Is the economy growing or is the economy slowing? (YRC Worldwide (YRCW) , a trucker that should have its fingers on the pulse of the economy, says the latter.) Doesn't really matter because, as of today, the market sees both as good.

Not to worry: All that really matters is "global liquidity," a catch-all to explain the inexplicable.

"Unnatural," is the way market strategist Jeff Saut of Raymond James explains this market in his latest missive. "Markets typically go up, correct by 25 percent, and then re-rally if the are going to trade higher," he writes. "This, ladies and gentlemen, has not been the case recently as the averages have 'unnaturally' vaulted higher without so much as ANY correction."

He further marvels at how the SEC caved in to a New York Stock Exchange petition in mid-October to reduce margin requirements "for an already over-margined hedge fund community. And that 'mysterious surprise' gave the major market indices another leg up (read: re-rally)....Why in the world would one introduce more leverage into an already over-leveraged hedge fund community is a mystery to us!" (And to us!)

What about the value of the market relative to earnings? Everybody says it's cheap.
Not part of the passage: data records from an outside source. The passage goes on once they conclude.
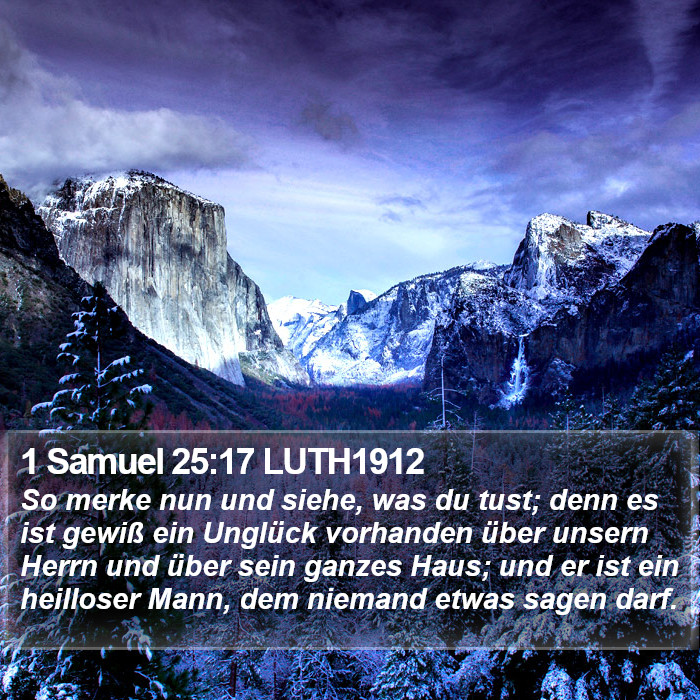 1 Samuel 25:17 LUTH1912 Bible Study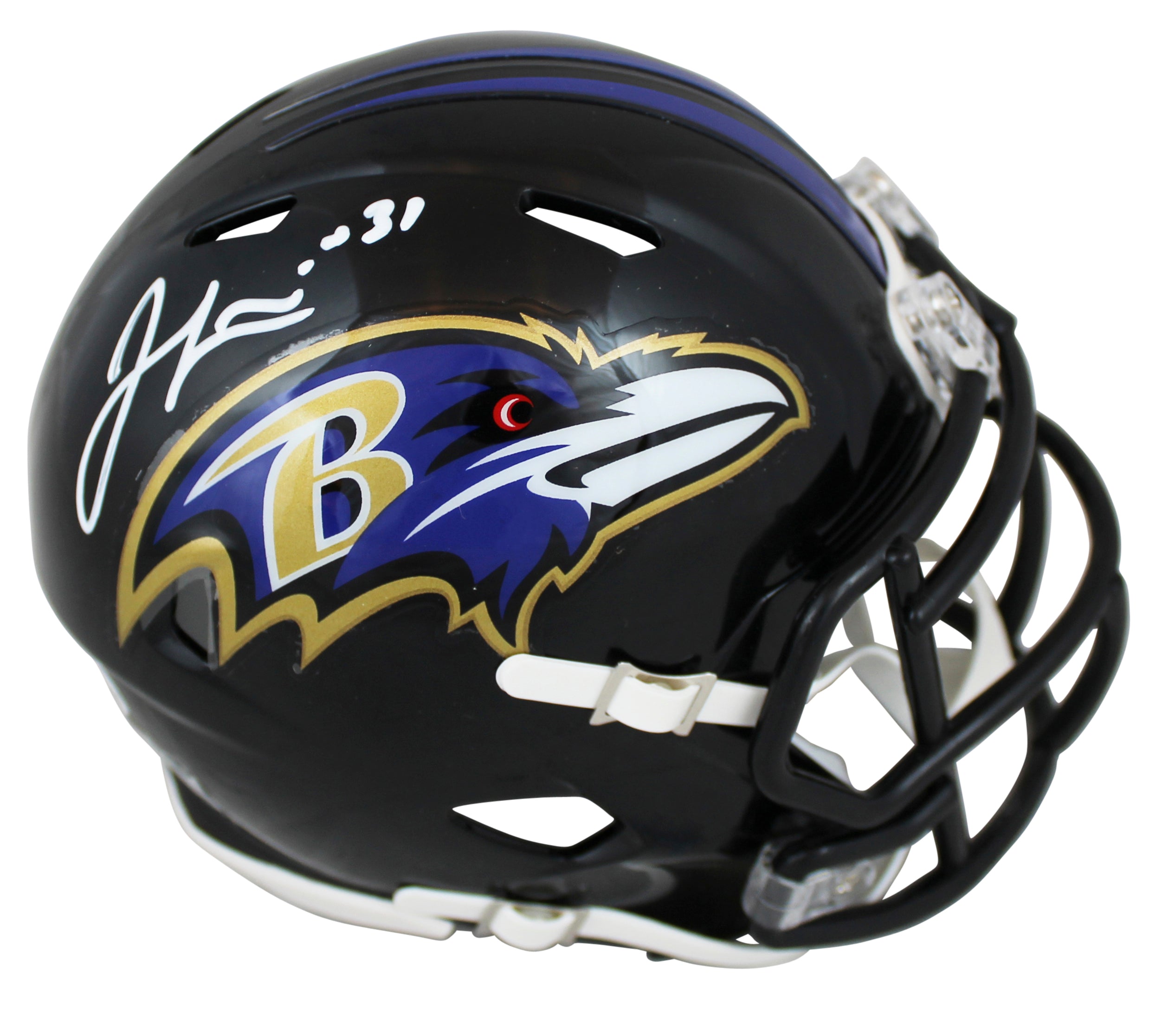Ravens Jamal Lewis Authentic Signed Speed Mini Helmet Autographed BAS Witnessed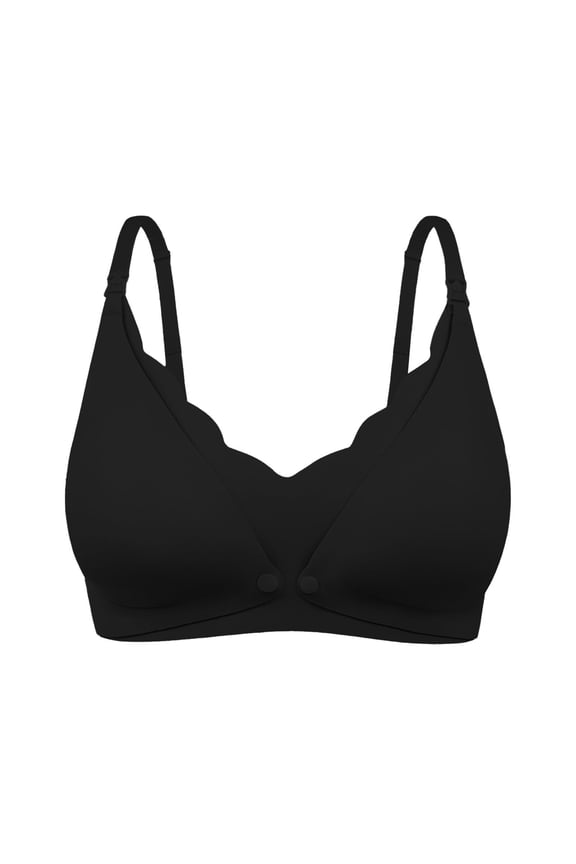 Women Wide Strap Solid Bra Seamless Lace Nursing Bra for Women Front Double Opening Clasp Comfortable Maternity and Postpartum Support Underwire M Black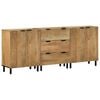 vidaXL Aparadores 3 piezas madera maciza mango marr&oacute;n 60x33x75 cm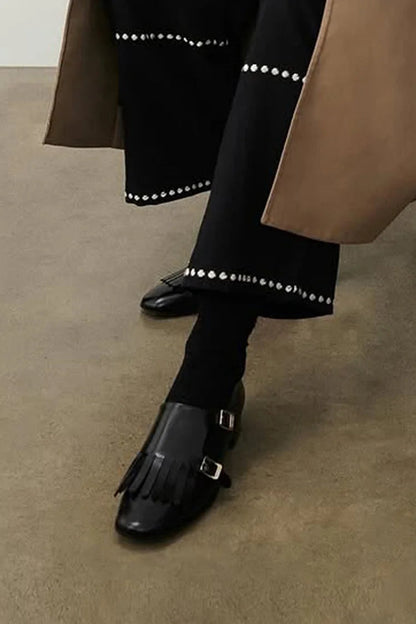 Odile | Mocassins Bout Rond à Franges et Boucle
Everybody, that is, but John Hussman, of Hussman Funds, who in his weekly commentary writes that at 18-times earnings the market is into its "third phase" — the phase, he notes, that Richard Russell of Dow Theory Letters says occurs when stocks "spurt skyward on the hopes and expectations of a continuing rosy future ... The low-priced 'cats and dogs' historically make great moves in this third phase."
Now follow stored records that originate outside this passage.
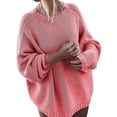 thumbnail image 1 of Frontwork Chunky Knit Sweater for Women Lightweight Oversized Pullover Tops Long Sleeve Loose Cozy Casual Knitwear Jumper Tunic Blouse Tops, 1 of 3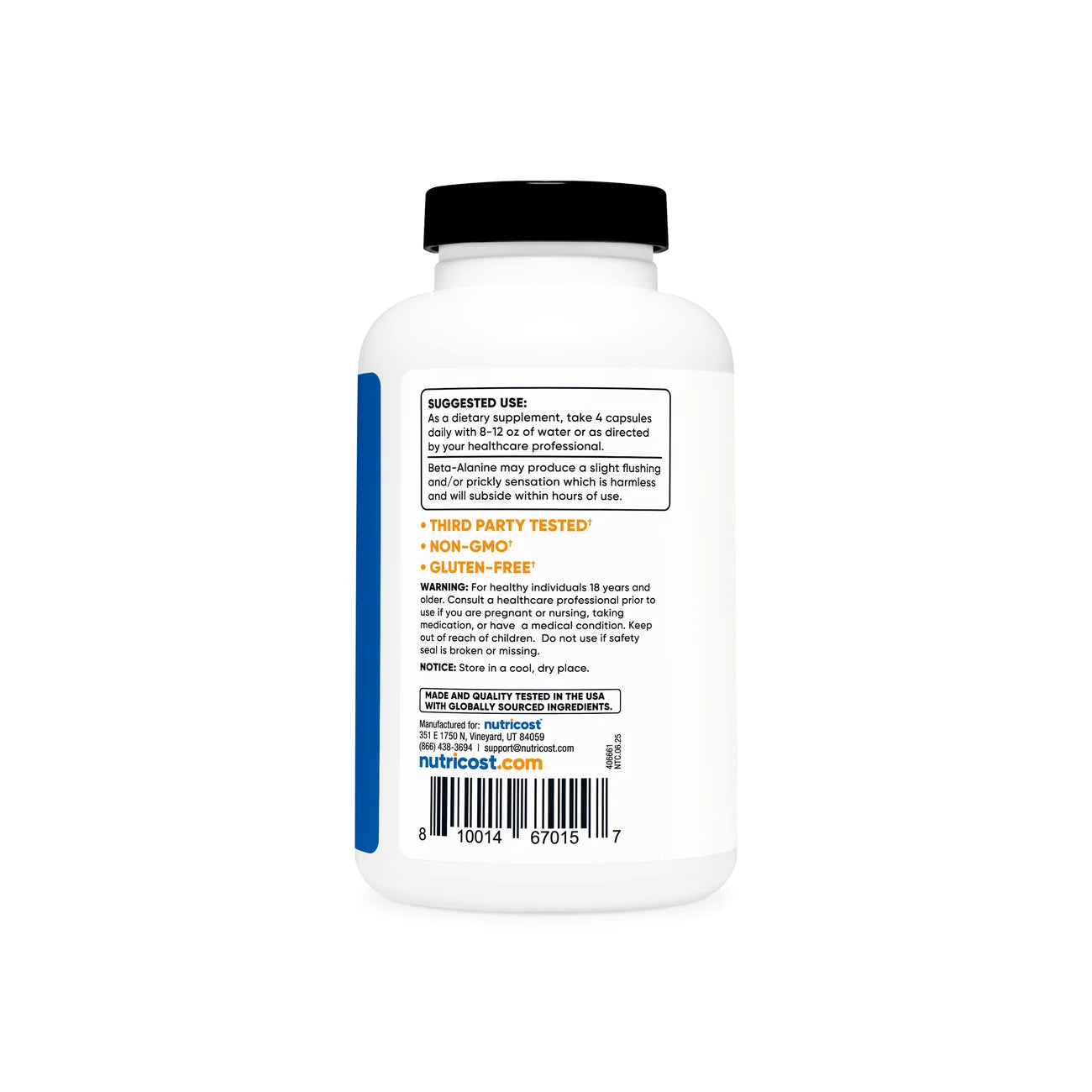 NUTRICOST BETA-ALANINE 3400MG 60 SERV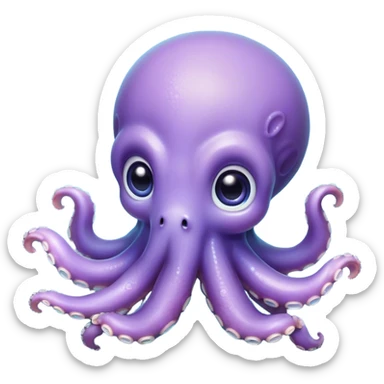 Cinematic Cute Shy Baby Octopus Portrait Emoji, Tentacles tucked slightly inward in an adorably bashful pose, featuring a softly glowing, round light blue-purple body with enormous, soulful eyes peering out timidly, Simplified yet irresistibly adorable features, highly detailed, glowing with a delicate, soothing marine radiance, high shine, quiet yet expressive, stylized with an air of gentle mystery, soft glowing outline, capturing the essence of a tiny, shy deep-sea creature that seems as if it could slowly peek out and explore the world with cautious curiosity! sticker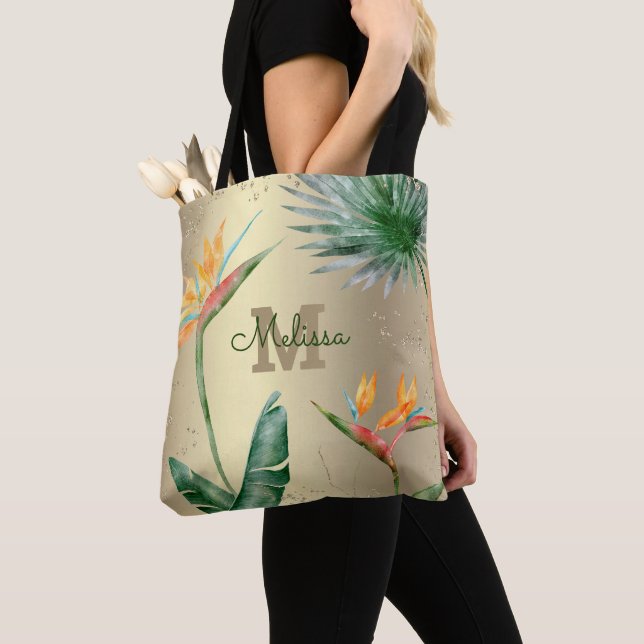 Tote Bag Huile d'or Tropical Island Floral Monogramme Scrip (De près)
Adds Hussman: "To anyone who examines more than one or two decades of market history, even a multiple of 18 is very rich by historical measures, and can't be reconciled simply by reference to interest rates or inflation. On closer inspection, of course, valuations are even more hostile. Over the past three years, profit margins have widened to record levels, which have detached P/E ratios from other fundamental measures - such as price/revenue, price/dividend and price/book ratios. The S&P 500 is currently about double its historical norms on those metrics. That isn't a forecast that stocks have to eliminate that valuation gap, but it certainly does suggest that stocks are priced to deliver unsatisfactorily long-term returns from these prices."

There's no shortage of pundits who would disagree, of course. But that, dear readers, is what makes markets - inverted yields, consumer credit, shaky subprime-mortgages, the weak dollar, uncertain housing, financial leverage and complacency, be damned. Minyanville's Todd Harrison put it best in a column here the other day when he wrote, "For every risk, there is an offsetting reward. And those betting on a year-end ramp would be wise to remember that this is a two-way street." Amen, bro'.